Work Environment for Museum Technicians and Conservators
Museum technicians and conservators are employed in a variety of environments, depending on where they work. In museums, they often spend much of their time providing reference assistance and educational services to the public. Those who set up exhibits often work with bulky, heavy record containers that require climbing, stretching and lifting heavy objects. When museum technicians and conservators are employed by botanical gardens, zoos or other outdoor museums and historic site, they often walk great distances. Conservators work in conservation laboratories, and depending on the objects in the collection they are working with, they may or may not be involved in moving objects.
Education, Training and Licensing
Most employers require a graduate degree for a museum conservator as well as related work experience. Competition for entry into one of the few graduate programs in museum conservation techniques is very tough. Applicants must have backgrounds in archaeology or studio art, chemistry and art history, as well as work experience. Candidates with a technical background or experience as an apprentice or intern can give an undergraduate student an edge in gaining admittance to a graduate program. A very small number of conservators enter this field through apprenticeships with museums or other organizations, but this route into the profession is very scarce. Those who have graduated from a conservator program who are willing to relocate and who know a foreign language will find better job opportunities.
Museum technicians must have a bachelor’s degree in library science or history along with work experience. Very few colleges or universities have bachelor’s degrees in museum studies, so most museum technician candidates earn bachelor’s degrees in a related field, such as history, archaeology, or art history. Master’s degrees in museum studies are available to museum technicians who want to continue their education. Many employers want their technicians to thoroughly know the museum’s specialty, and they regard museum work and experience as being more important than additional education.
Continuing education is offered to museum conservators and technicians through workshops, conferences and meetings that are sponsored by archival, historical and museum associations.

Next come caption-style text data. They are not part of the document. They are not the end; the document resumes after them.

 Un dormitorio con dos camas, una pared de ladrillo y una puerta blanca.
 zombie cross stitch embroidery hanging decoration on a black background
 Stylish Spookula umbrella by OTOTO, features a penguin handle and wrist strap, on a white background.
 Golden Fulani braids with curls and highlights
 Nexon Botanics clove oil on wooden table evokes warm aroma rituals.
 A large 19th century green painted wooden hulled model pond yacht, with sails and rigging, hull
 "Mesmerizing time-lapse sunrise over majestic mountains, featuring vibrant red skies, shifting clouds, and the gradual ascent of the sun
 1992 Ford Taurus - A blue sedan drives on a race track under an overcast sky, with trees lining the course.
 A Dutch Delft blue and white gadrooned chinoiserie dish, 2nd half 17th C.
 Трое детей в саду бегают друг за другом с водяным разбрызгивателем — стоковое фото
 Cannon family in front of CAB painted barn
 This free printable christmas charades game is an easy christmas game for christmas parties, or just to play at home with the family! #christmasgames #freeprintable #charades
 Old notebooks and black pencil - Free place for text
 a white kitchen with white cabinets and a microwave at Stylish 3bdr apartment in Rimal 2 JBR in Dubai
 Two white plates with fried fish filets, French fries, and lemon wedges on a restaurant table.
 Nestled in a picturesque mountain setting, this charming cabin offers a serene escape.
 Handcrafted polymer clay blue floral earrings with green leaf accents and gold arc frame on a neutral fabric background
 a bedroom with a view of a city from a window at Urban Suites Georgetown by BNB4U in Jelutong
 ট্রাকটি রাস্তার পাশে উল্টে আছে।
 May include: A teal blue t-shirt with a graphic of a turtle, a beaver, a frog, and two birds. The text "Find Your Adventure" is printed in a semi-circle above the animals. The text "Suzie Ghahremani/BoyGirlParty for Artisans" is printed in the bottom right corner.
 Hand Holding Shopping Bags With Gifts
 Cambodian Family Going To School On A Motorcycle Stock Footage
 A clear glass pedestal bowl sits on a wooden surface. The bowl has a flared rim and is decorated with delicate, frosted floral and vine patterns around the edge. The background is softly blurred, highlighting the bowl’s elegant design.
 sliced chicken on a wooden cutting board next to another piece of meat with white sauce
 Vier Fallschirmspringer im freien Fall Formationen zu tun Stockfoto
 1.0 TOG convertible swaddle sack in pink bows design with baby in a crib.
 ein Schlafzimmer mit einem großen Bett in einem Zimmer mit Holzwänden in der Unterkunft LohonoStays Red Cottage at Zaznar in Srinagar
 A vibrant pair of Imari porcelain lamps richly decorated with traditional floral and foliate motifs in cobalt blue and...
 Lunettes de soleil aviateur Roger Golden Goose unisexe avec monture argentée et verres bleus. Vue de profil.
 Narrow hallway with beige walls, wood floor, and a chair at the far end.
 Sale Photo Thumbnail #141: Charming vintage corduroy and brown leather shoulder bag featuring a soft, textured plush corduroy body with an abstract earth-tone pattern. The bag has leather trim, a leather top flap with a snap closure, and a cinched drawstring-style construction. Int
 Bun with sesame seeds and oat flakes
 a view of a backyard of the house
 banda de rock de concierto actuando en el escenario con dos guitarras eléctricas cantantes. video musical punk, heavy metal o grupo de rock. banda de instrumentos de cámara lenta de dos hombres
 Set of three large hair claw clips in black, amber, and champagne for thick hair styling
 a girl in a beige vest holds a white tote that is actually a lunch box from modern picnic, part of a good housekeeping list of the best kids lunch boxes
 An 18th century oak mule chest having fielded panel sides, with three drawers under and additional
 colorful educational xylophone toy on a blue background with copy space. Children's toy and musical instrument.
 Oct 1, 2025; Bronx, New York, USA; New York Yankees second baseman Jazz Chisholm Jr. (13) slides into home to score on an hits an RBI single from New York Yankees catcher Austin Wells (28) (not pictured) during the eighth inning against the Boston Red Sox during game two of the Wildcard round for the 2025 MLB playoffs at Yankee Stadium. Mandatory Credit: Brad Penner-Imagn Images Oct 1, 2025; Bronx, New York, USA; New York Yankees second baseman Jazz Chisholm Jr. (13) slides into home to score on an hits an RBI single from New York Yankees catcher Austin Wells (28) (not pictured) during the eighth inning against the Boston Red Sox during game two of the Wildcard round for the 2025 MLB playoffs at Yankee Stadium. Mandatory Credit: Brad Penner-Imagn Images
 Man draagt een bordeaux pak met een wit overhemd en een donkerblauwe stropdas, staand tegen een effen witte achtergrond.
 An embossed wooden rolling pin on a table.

Employment Figures, Projections, Outlook and Earnings
Museum technicians and conservators held about 10,170 jobs in May 2009, according to research published by the U.S. Labor Statistics (BLS). Most museum technicians and conservators worked for museums, historical sites and similar institutions, while others worked for the federal government, colleges, universities and professional schools and local and state government.
The BLS expects employment for museum technicians and conservators to grow 20% from 2008 to 2018, which is faster than the average for all occupations. An interest in art, history, technology and science will spur the need for more museum technicians and conservators.
BLS reports indicate that the median annual salary for museum technicians and conservators was $37,120 as of May 2009. The middle 50% earned between $28,480 and $49,280, while the bottom 10% earned $23,530 or less. The top 10% earned $67,090 or more annually.